TASK OBJECTIVE: Isolate every line in the data with the string "view" and copy it.

[DATA PROVIDED Boundary: Start]

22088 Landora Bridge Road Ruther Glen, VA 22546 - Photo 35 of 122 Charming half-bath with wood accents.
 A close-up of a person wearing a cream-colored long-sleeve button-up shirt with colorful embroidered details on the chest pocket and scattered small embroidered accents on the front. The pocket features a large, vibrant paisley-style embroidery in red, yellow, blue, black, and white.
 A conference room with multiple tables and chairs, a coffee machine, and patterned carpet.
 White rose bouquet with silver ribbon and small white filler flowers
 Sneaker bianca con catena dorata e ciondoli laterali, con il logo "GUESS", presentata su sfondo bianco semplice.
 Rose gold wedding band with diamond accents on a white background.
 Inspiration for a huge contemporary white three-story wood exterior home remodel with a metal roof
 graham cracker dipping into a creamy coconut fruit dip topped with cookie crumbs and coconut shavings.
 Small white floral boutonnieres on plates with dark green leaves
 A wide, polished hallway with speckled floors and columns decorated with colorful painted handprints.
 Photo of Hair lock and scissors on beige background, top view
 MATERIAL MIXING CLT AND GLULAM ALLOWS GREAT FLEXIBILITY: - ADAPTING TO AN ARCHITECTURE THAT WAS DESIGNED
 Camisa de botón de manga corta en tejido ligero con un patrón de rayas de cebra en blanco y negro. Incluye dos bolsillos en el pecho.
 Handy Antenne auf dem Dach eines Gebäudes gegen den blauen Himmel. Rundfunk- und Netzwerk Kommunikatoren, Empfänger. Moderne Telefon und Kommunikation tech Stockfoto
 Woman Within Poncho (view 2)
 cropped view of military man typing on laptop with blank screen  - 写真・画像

[DATA PROVIDED Boundary: End]

EXERCISE ANSWER:
 Photo of Hair lock and scissors on beige background, top view
 Woman Within Poncho (view 2)
 cropped view of military man typing on laptop with blank screen  - 写真・画像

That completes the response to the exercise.